EXERCISE DETAILS
Set down each line of the data below exactly as it stands, dropping the pictures.

---------- EXERCISE MATERIALS

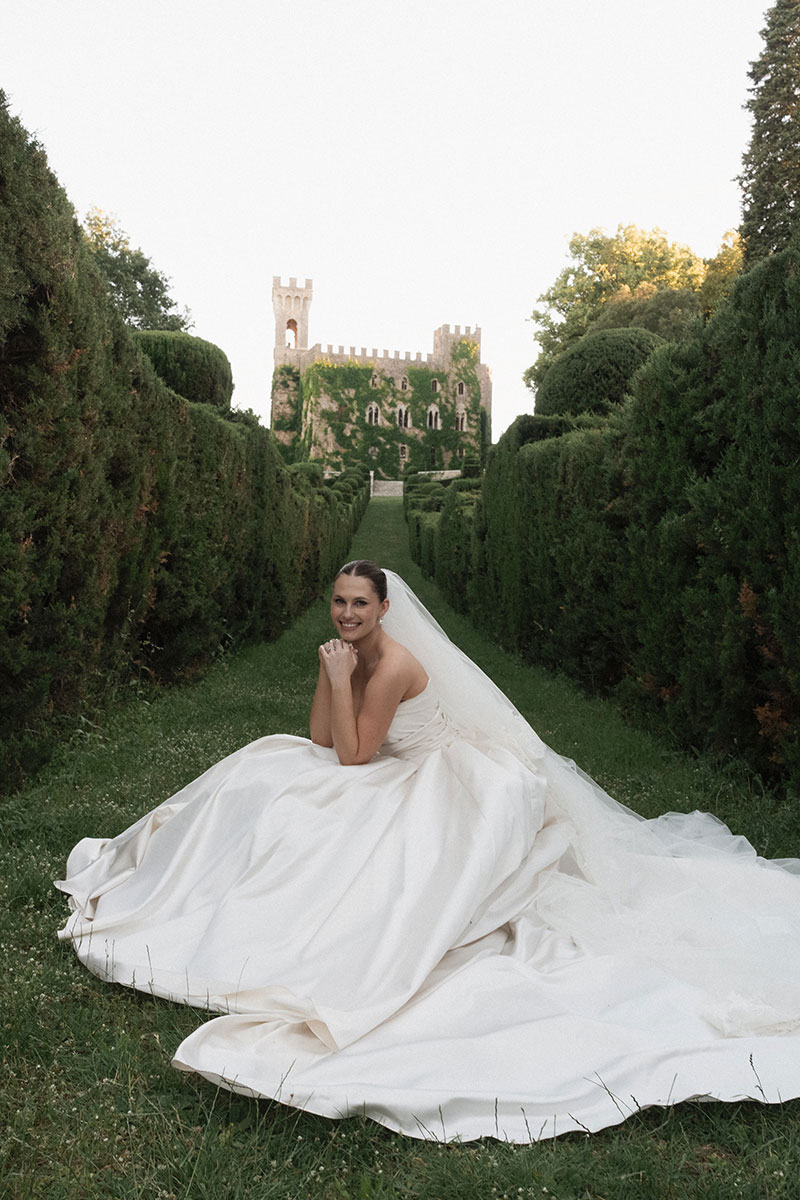 wedding at castello di celsa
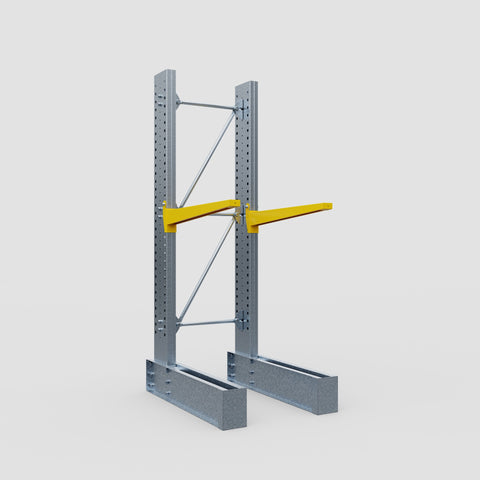 Cantilever Rack - Single Sided - Heavy Duty - Powder Coated - Full Bay - Height 3048mm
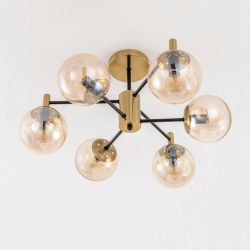 Citilux Шарлиз CL143163 Люстра на штанге Бронза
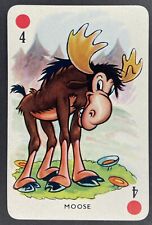 1939 Mickeys Fun Fair Card Rare Disneyana Blue Back Moose Silly Symphonies picture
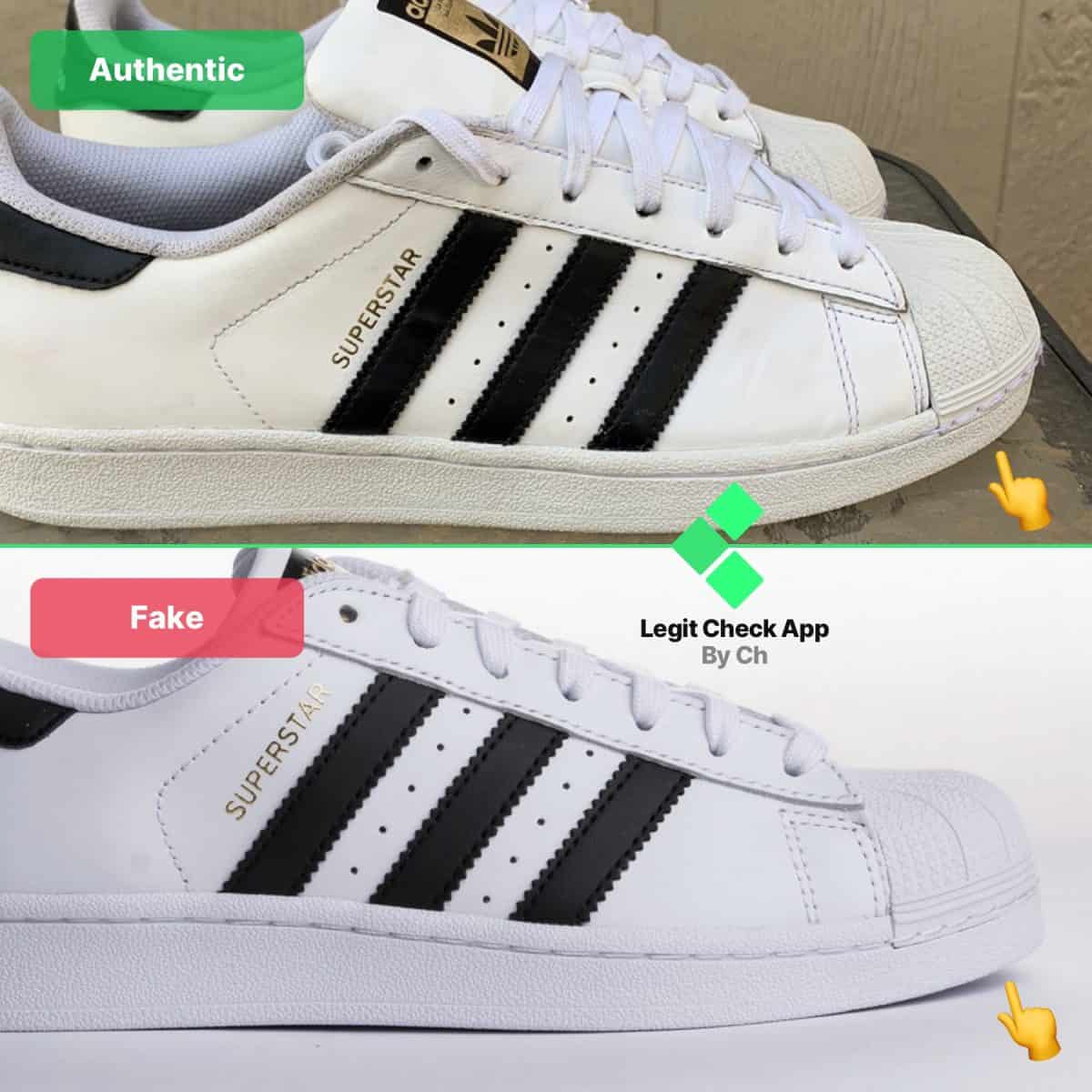 To Spot Fake Adidas Superstar Sneakers (Real Vs Guide)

--------------------

WRITTEN SOLUTION
 wedding at castello di celsa
 Cantilever Rack - Single Sided - Heavy Duty - Powder Coated - Full Bay - Height 3048mm
 Citilux Шарлиз CL143163 Люстра на штанге Бронза
 1939 Mickeys Fun Fair Card Rare Disneyana Blue Back Moose Silly Symphonies picture
 To Spot Fake Adidas Superstar Sneakers (Real Vs Guide)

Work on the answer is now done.